O’Leary then shares an account of watching young people spend “$22 a pop and more” on avocado toast—another angry boomer classic—from which he extrapolates that, 1) every young person is doing this, and 2) they are doing it all the time. With these two rock solid assumptions, O’Leary blows down the strawman, concluding that this is what is keeping the younger generation from buying houses or whatever. “How often are they eating out? Twenty-two dollars several times a week could go towards a deposit on a house.” [Narrator: It couldn’t.] It certainly has nothing to do with a shrinking middle class or skyrocketing home prices or the cost of living going up while wages stagnate. It’s the avocado toast and the coffee!
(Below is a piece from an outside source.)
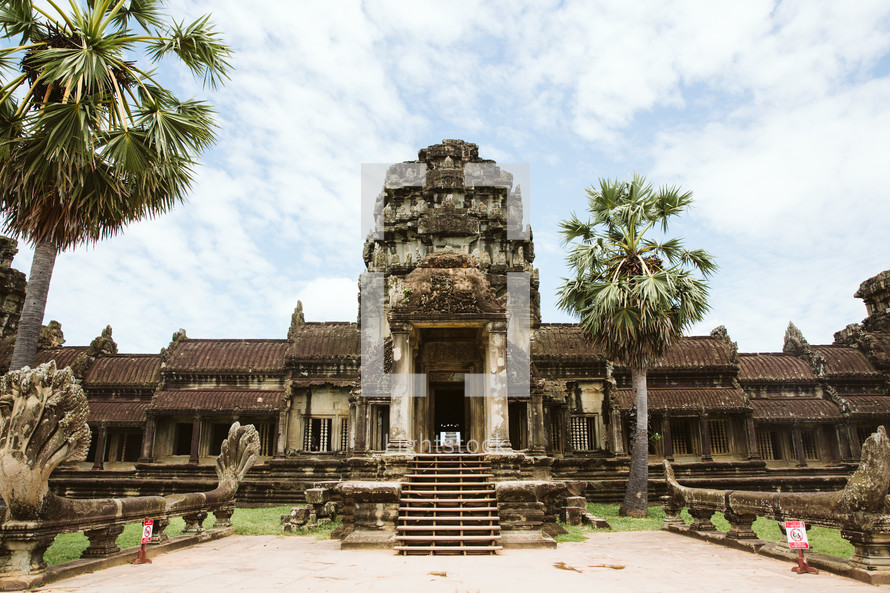 ankor wat structures in Cambodia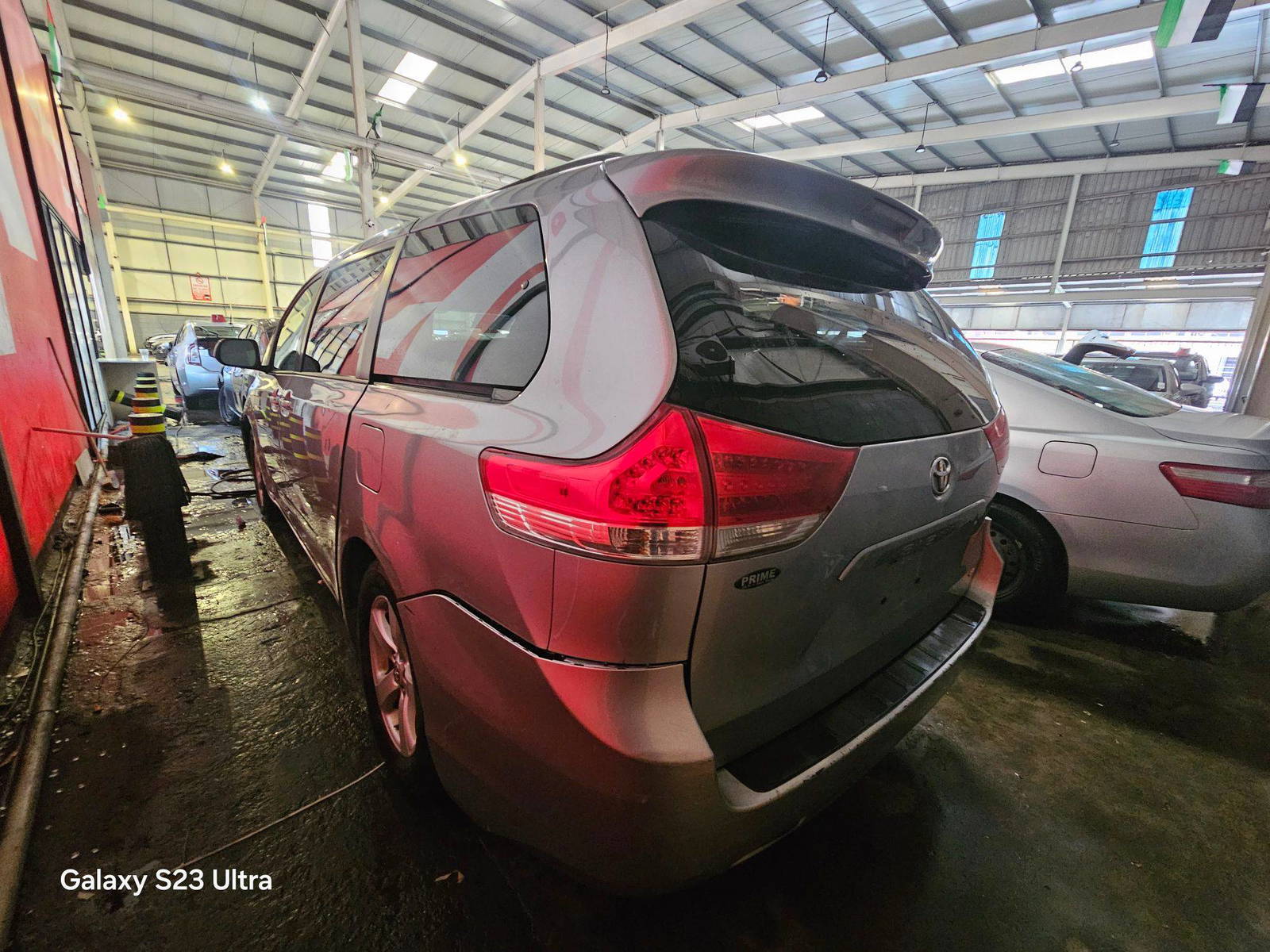 TOYOTA SIENNA 2011 - Marhaba Auction Used Cars - Image 5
This seems profoundly stupid to me but, what do I know? I’m not nearly the businessman Kevin O’Leary is. I, for instance, have never lost $15 million in cryptocurrency—and who could’ve seen that coming?—nor have I had to defend my ties to Sam Bankman-Fried, the former CEO of crypto exchange FTX now serving 25 years in prison for fraud and other white collar crimes. (This might be why O’Leary hates millennials, which, fair enough.) And I’ve never said in defense of not increasing taxes on billionaires “entrepreneurs” that “we don’t make any money because we’re taking it all and putting it into companies and starting to grow them. And we get capital gains.”

And I certainly don’t have the miser mindset that keeps O’Leary’s nest egg so warm. I haven’t spent over millions on watches and vintage guitars that I run through terrible-sounding wah pedals. I’ve never created a vanity corporate wine project to sell a three-pack on QVC for $53. Maybe it’s good, I’ve never tried it. It just seems like such a waste of money for something that costs $3. Oh wait, I seem to have got my cue cards mixed up. That’s what O’Leary said about coffee back in 2017. Forgive the confusion. O’Leary’s wine, as I’m sure he’d attest to, is a frugal splurge, totally in reason.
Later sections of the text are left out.